◆ **DATA TO PROCESS**:

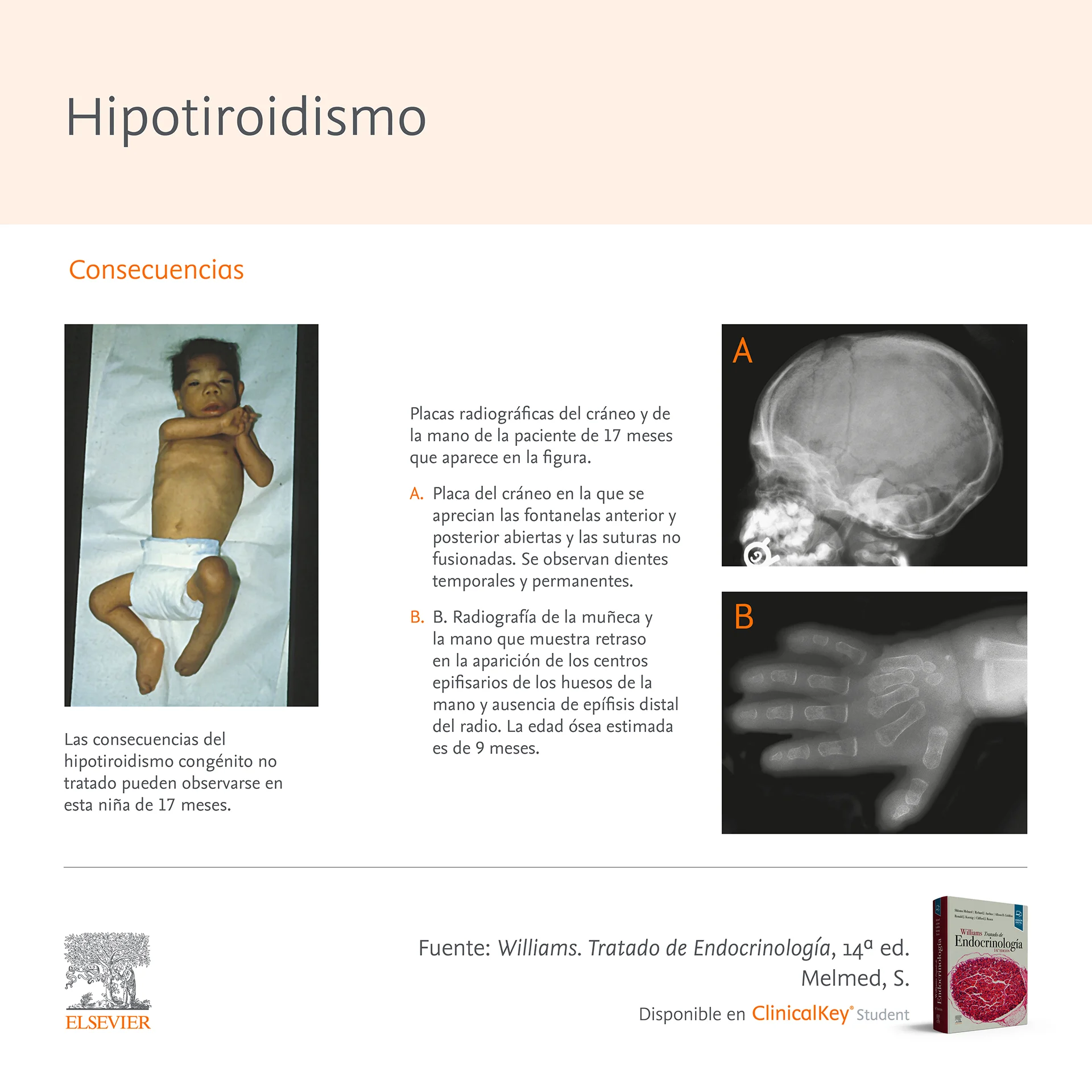 Infografia SLM Williams Hipotiroidismo 3
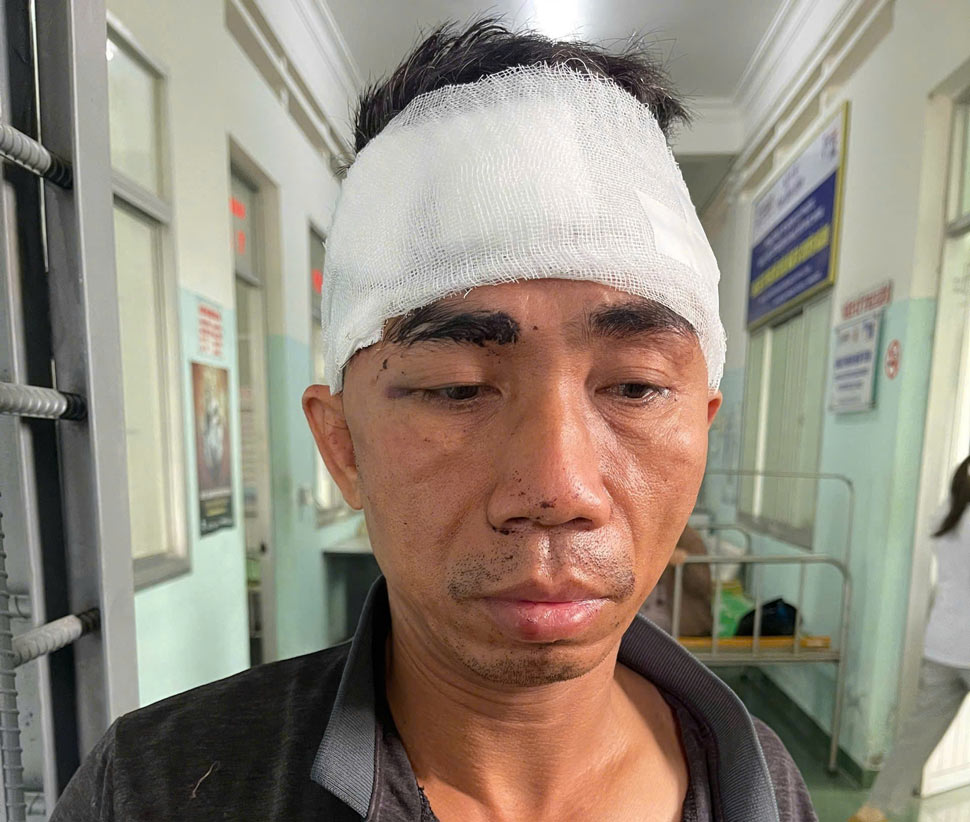 Công an huyện Tuy Phước (Bình Định) đã khởi tố, bắt tạm giam Trần Quốc Việt về hành vi Cướp tài sản. Ảnh: Công an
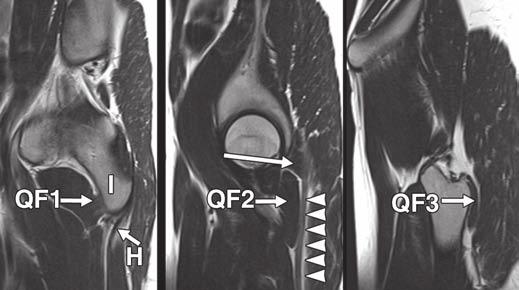 Sagittal T2-weighted clinical MR images from medial to lateral show origin (QF1), belly (QF2), and insertion (QF3) of quadratus femoris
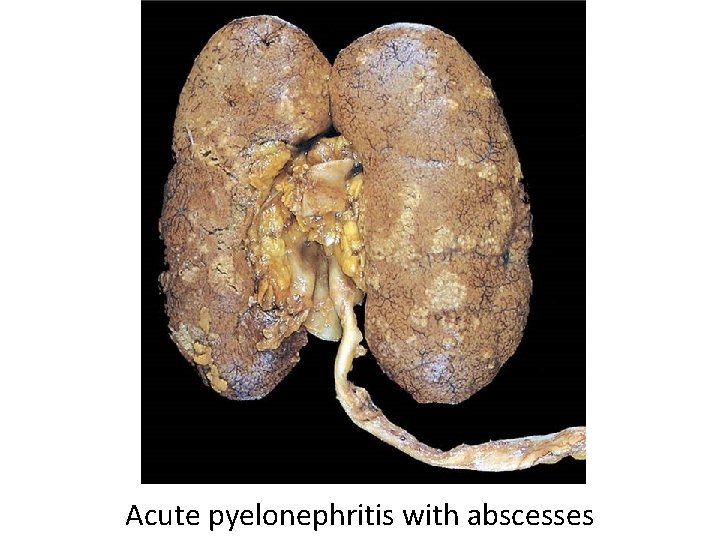 Acute pyelonephritis with abscesses 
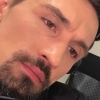 Dima Bilan oyog‘ini ikki joyidan sindirib oldi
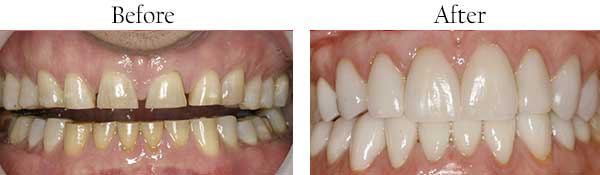 Flatlands dental images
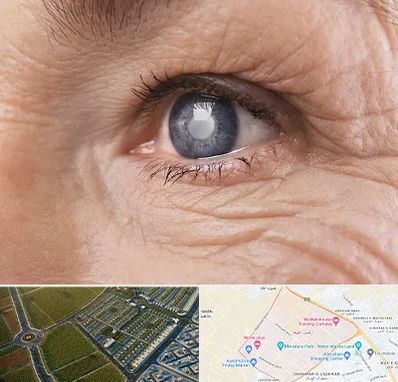 متخصص آب مروارید در الهیه مشهد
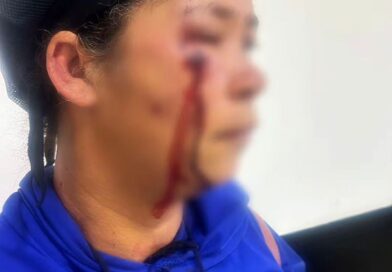Mulher é agredida após ser acusada de relação com homem casado, agressoras foram presas Mulher é agredida após ser acusada de relação com homem casado, agressoras foram presas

◆ **WHAT NEEDS TO BE DONE**: Final task for the records above: print exactly the lines from the one that contains "Dima Bilan oyog‘ini" through the last line, both ends included, pictures excluded.

◆ **RESULT**:
 Dima Bilan oyog‘ini ikki joyidan sindirib oldi
 Flatlands dental images
 متخصص آب مروارید در الهیه مشهد
Mulher é agredida após ser acusada de relação com homem casado, agressoras foram presas Mulher é agredida após ser acusada de relação com homem casado, agressoras foram presas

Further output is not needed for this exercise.